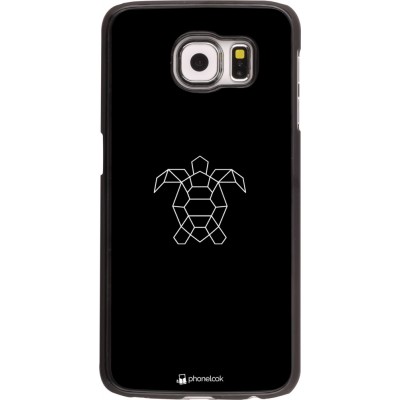 Coque Samsung Galaxy S6 edge - Turtles lines on black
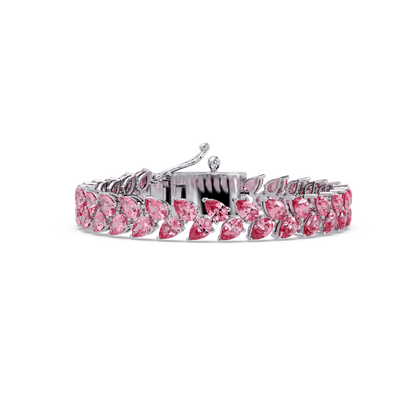 Pear-cut pink colorstone tennis bracelet in white gold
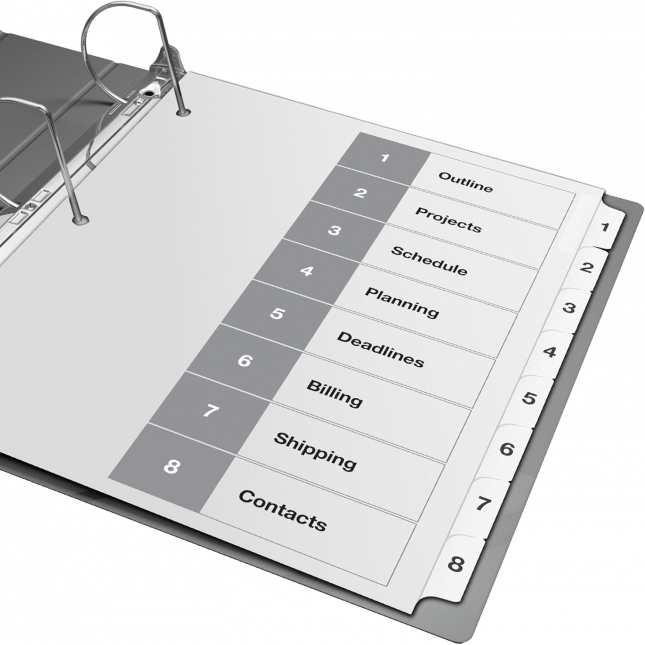 Davis Group Index Tab Dividers for 3 Ring Binders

Task item: Every line above is to be reproduced verbatim, and the pictures are to be omitted.

Answer below:
 Coque Samsung Galaxy S6 edge - Turtles lines on black
 Pear-cut pink colorstone tennis bracelet in white gold
 Davis Group Index Tab Dividers for 3 Ring Binders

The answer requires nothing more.